Los ensayos de Gestos del Centauro representan la capacidad que tiene este género literario de expandirse hacia temas diversos y quizá hacia las temáticas más particulares o menos exploradas. "En este caso el ensayo sirvió como herramienta para conocer un tema muy particular y a la vez peculiar: la presencia de los cuadrúpedos en algunas obras literarias en nuestro idioma de los siglos XIX y XX, en libros de autores como Borges, Leopoldo Lugones, Alfonso Reyes o Saint-John Perse. Hay que decir que en este libro intenté llevar al ensayo a flexibilizarse no sólo en los temas sino también en las formas, pues intento que el ensayo parezca en algunas ocasiones un diálogo monográfico, en otras una estampa poética, un relato, una reseña crítica y en otras un análisis académico. El ensayo como género moderno surgió como proceso individual, e incluso ciudadano, para pensarse a uno mismo en relación con la sociedad y el mundo. Desde ese punto de vista el ensayo representa una reflexión que va de lo personal a lo colectivo, para observar cómo van transformándose las dinámicas sociales”.

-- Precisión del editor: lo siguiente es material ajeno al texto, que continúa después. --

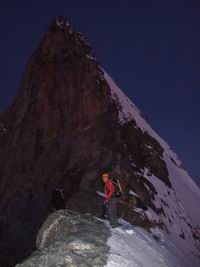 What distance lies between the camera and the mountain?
34.6 m

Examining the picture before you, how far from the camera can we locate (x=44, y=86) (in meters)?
50.6

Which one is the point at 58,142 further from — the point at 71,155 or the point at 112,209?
the point at 112,209

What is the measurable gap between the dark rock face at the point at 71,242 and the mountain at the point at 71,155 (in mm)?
11491

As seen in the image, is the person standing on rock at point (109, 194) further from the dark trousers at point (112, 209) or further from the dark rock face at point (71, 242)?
the dark rock face at point (71, 242)

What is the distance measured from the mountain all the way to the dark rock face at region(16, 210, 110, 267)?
1149 centimetres

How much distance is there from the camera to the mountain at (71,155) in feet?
113

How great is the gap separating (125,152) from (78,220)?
2594cm

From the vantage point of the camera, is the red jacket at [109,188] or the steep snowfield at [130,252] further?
the red jacket at [109,188]

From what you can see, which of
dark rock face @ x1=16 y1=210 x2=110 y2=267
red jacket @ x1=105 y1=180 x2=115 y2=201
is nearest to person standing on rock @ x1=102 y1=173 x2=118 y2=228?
red jacket @ x1=105 y1=180 x2=115 y2=201

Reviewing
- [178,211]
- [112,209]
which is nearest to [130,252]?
[112,209]

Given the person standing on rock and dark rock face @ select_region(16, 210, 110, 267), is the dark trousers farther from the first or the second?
dark rock face @ select_region(16, 210, 110, 267)

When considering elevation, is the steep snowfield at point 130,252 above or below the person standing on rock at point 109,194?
below

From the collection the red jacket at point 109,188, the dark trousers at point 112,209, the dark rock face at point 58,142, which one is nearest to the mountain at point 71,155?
the dark rock face at point 58,142

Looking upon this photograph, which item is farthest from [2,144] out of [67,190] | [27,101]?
[67,190]
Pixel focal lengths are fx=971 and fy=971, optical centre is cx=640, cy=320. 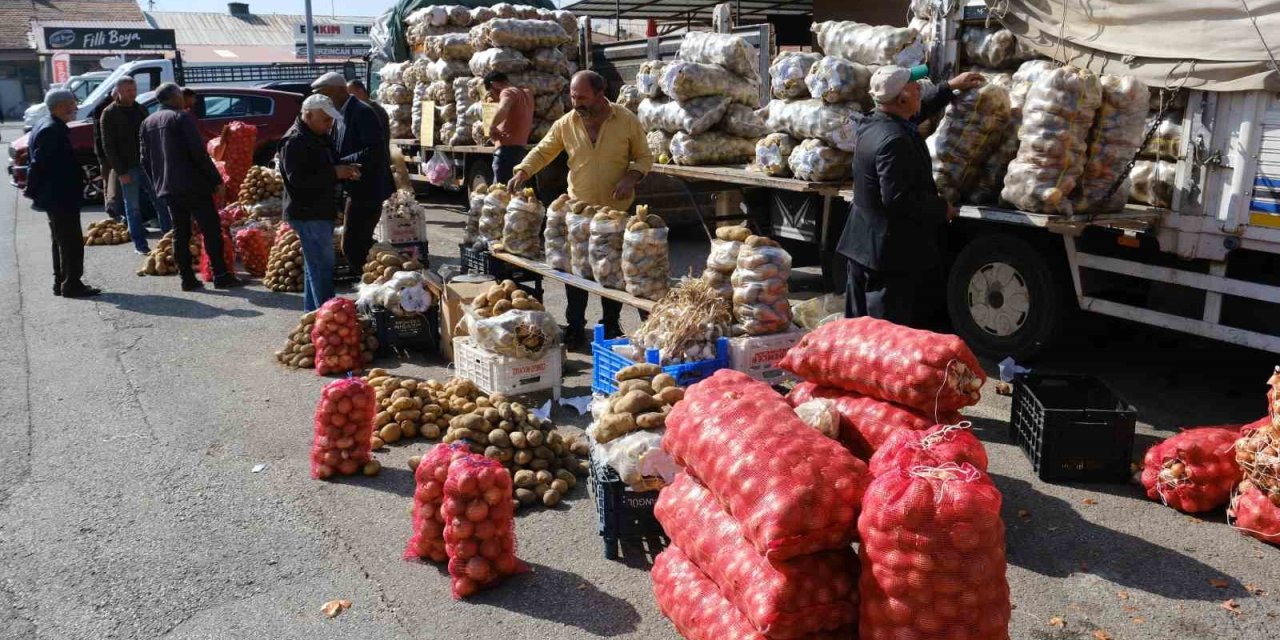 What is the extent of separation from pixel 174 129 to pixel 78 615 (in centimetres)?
708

El también autor del libro Un informante en el olvido sobre la obra periodística de Alfonso Reyes, precisó que "me gusta mucho la Historia para comprender las construcciones sociales y los cambios históricos que suceden cuando un grupo de viajeros irrumpe en la realidad de otros, a veces para sumar, pero casi siempre para transformar. Entonces el viajero, como de los que hablo en Gestos del centauro, es el constructor de nuevas realidades, un creador, un artista, pues el viajero es el que quiere conocer nuevos mundos sin otro fin que el de comprenderse así mismo. En este caso el navegante, el trotamundos a caballo, el tripulante aéreo o espacial o el cibernauta no es diferente al ensayista, al escritor o artista visual que son otro tipo de viajeros que con la imaginación crean otredades que al final de cuentas son el reflejo de su mismo ser y de sus sentimientos que van de la felicidad al miedo por plasmar lo conocido, pero sobre todo lo desconocido en otro lugar o en la propia conciencia”.

LLAMADOS

El ensayo es un género literario que está escrito en prosa, pero está compuesto de reflexión, diálogo, narrativa e incluso poesía

Al imaginar al centauro como imagen cultural fue inevitable voltear ver a los personajes montados a caballo que cabalgan por nuestra literatura y por nuestro arte visual

Entonces el viajero, como de los que hablo en Gestos del centauro, es el constructor de nuevas realidades, un creador, un artista

UNA IDEA MÁS

“Los artistas de los que hablo en estos Gestos del centauro, como Julio Ruelas o Ernesto Icaza, escribieron y pintaron a exploradores de nuevas realidades y al hacerlo ellos mismos se convirtieron en trotamundos de universos desconocidos que sólo se pueden transitar en la memoria, en la fantasía y por medio del lenguaje y los símbolos. El viajero-artista impone su geografía y es decisión nuestra como espectadores subirnos o no en ese tren imágenes y signos”.